18.06 Pset 2¶

Due Friday Feb 18 at 11am on Canvas. Submit PDF(s) of your handwritten solutions along with your (clearly labeled) Julia code.

In [1]:
using LinearAlgebra

Problem 1 (10 points)¶

Suppose that $A$ is a $4\times 4$ matrix: $$ A = \begin{pmatrix} 1 & 3 & 2 & 5 \\ -2 & 1 & 1 & \\ 4 & 2 & & \\ -1 & & & \end{pmatrix} $$ In Julia:

In [2]:
A = [ 1 3 2 5
     -2 1 1 0
      4 2 0 0
     -1 0 0 0 ]
Out[2]:
4×4 Matrix{Int64}:
  1  3  2  5
 -2  1  1  0
  4  2  0  0
 -1  0  0  0

This is similar to an upper-triangular matrix, except that it is "flipped" horizontally. It doesn't matter in principle — we can still solve $Ax=b$ "bottom to top" similar to backsubstitution — but in practice it is often better to rewrite things in "standard" upper- or lower-triangular form because that's what all of the computer software is written to handle.

(a) Convert $A$ into a standard lower triangular matrix, of the form $$ L = \begin{pmatrix} a & & & \\ b & c & & \\ d & e & f & \\ g & h & i & j \end{pmatrix} = \mbox{products of permutation matrix/matrices with }A $$ as a product of $A$ with one or more permutation matrices on the left and/or right.
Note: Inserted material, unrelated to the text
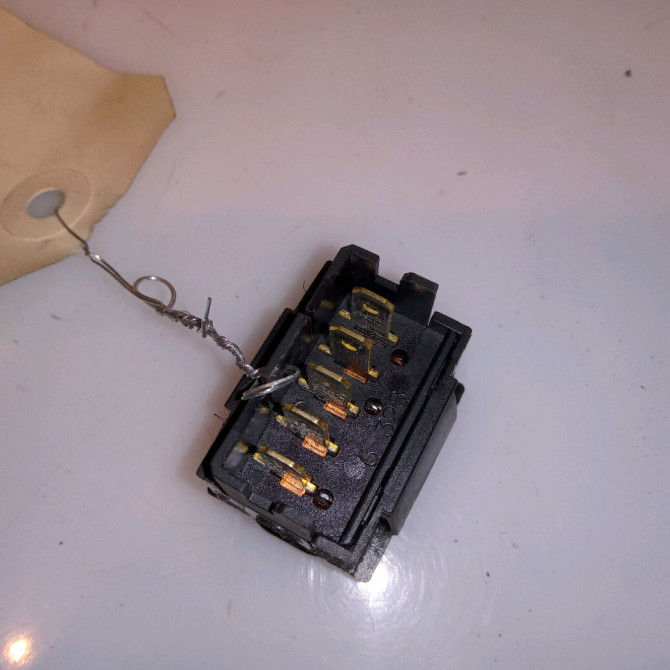 Commande lève-glace porte avant droite occasion PEUGEOT PARTNER I Phase 2 11-2002->05-2008 1.4i 2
… and enter your answer in Julia as a check:

Solution (a)¶

Note that we can convert $A$ to standard lower-triangular form by reversing the order of the rows. Since this is a row operation, it corresponds to multiplying $A$ on the left by a permutation matrix $P$. What does $P$ look like? To see the matrix $P$, we can consider $P I = P$, which re-orders the rows of $I$ according to $P$.

In other words, we have $$ L = PA = \begin{pmatrix} 0 & 0 & 0 & 1 \\ 0 & 0 & 1 & 0 \\ 0 & 1 & 0 & 0 \\ 1 & 0 & 0 & 0 \end{pmatrix} \begin{pmatrix} 1 & 3 & 2 & 5 \\ -2 & 1 & 1 & \\ 4 & 2 & & \\ -1 & & & \end{pmatrix} = \boxed{ \begin{pmatrix} -1 & & & \\ 4 & 2 & & \\ -2 & 1 & 1 & \\ 1 & 3 & 2 & 5 \end{pmatrix}} $$

In [3]:
P = [ 0 0 0 1; 0 0 1 0; 0 1 0 0; 1 0 0 0]
L = P*A # your answer here as a product of A with some other matrix/matrices
Out[3]:
4×4 Matrix{Int64}:
 -1  0  0  0
  4  2  0  0
 -2  1  1  0
  1  3  2  5

(b) Suppose that we want to solve $Ax = b$ for $b = [26,-1,10,-1]$. Using your answer from (a), write $x = A^{-1} b$ in the following form:

  1. $y = $ something easy with $b$?
  2. forward-substitution solve of $Lz = y$
  3. $x = $ something easy with $z$?

Solution (b)¶

To solve $Ax = b$, we can apply a permutation on both sides to get $PA x = Pb$. Since $L = PA$, we have $L x = Pb$. This represents a permutation, followed by a lower-triangular solve (forward substitution).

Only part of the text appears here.